» Exercise goal: Beginning with the first line of the data below, reproduce every line unchanged, ending with the line that holds "Zdjęcie 12 z".
......
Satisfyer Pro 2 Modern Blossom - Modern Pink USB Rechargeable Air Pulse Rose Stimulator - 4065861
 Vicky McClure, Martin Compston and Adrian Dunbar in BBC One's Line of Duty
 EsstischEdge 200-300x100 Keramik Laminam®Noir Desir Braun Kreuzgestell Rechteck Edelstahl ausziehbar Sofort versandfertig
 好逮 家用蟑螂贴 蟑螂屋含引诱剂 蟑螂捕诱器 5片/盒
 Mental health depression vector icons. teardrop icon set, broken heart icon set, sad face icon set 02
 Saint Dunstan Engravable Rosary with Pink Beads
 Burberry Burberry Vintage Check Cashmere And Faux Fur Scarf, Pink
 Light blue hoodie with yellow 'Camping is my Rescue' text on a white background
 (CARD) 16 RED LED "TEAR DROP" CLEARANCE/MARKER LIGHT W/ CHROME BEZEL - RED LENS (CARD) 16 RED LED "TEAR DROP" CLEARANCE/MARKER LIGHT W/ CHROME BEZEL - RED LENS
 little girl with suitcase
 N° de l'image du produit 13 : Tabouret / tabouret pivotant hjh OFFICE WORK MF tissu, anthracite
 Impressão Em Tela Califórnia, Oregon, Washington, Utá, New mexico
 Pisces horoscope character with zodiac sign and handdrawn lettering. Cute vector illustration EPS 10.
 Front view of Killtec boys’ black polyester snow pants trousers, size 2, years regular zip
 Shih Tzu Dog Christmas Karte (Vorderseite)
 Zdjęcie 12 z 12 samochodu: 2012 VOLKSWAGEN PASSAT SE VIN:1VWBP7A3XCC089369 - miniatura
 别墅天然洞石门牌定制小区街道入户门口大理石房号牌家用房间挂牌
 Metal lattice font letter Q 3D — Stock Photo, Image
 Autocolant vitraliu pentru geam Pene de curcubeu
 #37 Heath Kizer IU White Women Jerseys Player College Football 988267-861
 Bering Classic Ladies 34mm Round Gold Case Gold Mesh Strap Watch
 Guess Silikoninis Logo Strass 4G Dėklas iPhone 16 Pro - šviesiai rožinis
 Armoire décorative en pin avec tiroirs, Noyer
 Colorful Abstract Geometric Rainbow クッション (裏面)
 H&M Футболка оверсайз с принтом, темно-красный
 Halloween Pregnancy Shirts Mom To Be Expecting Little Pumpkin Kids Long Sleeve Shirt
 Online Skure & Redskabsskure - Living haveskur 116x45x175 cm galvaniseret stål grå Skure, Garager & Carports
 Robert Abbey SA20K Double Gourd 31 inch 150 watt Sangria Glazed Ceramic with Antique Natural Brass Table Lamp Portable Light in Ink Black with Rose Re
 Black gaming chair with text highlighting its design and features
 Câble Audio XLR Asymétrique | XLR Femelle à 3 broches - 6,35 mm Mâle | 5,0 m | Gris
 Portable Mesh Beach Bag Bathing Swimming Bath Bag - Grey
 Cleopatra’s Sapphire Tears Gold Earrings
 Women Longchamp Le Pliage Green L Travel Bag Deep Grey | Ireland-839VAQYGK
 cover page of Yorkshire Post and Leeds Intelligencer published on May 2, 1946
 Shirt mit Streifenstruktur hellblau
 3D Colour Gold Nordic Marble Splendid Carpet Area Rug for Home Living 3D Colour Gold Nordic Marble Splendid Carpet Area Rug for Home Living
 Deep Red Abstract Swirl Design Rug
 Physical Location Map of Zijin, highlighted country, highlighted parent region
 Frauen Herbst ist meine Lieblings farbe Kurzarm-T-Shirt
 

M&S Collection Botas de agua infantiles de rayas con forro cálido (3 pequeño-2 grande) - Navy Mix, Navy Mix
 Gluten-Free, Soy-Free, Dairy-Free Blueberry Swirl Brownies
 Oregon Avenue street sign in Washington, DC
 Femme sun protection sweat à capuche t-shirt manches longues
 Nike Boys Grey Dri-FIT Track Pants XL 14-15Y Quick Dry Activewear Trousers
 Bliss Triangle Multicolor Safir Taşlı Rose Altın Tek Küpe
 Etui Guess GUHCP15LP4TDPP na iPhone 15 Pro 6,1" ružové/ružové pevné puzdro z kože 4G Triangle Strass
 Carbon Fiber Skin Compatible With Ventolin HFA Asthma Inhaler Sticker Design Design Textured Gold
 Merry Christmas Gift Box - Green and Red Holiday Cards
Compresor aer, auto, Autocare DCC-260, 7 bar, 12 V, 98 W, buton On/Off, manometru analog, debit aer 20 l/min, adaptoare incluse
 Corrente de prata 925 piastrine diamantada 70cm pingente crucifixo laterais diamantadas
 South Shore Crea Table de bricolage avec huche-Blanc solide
......
» Answer box:
Satisfyer Pro 2 Modern Blossom - Modern Pink USB Rechargeable Air Pulse Rose Stimulator - 4065861
 Vicky McClure, Martin Compston and Adrian Dunbar in BBC One's Line of Duty
 EsstischEdge 200-300x100 Keramik Laminam®Noir Desir Braun Kreuzgestell Rechteck Edelstahl ausziehbar Sofort versandfertig
 好逮 家用蟑螂贴 蟑螂屋含引诱剂 蟑螂捕诱器 5片/盒
 Mental health depression vector icons. teardrop icon set, broken heart icon set, sad face icon set 02
 Saint Dunstan Engravable Rosary with Pink Beads
 Burberry Burberry Vintage Check Cashmere And Faux Fur Scarf, Pink
 Light blue hoodie with yellow 'Camping is my Rescue' text on a white background
 (CARD) 16 RED LED "TEAR DROP" CLEARANCE/MARKER LIGHT W/ CHROME BEZEL - RED LENS (CARD) 16 RED LED "TEAR DROP" CLEARANCE/MARKER LIGHT W/ CHROME BEZEL - RED LENS
 little girl with suitcase
 N° de l'image du produit 13 : Tabouret / tabouret pivotant hjh OFFICE WORK MF tissu, anthracite
 Impressão Em Tela Califórnia, Oregon, Washington, Utá, New mexico
 Pisces horoscope character with zodiac sign and handdrawn lettering. Cute vector illustration EPS 10.
 Front view of Killtec boys’ black polyester snow pants trousers, size 2, years regular zip
 Shih Tzu Dog Christmas Karte (Vorderseite)
 Zdjęcie 12 z 12 samochodu: 2012 VOLKSWAGEN PASSAT SE VIN:1VWBP7A3XCC089369 - miniatura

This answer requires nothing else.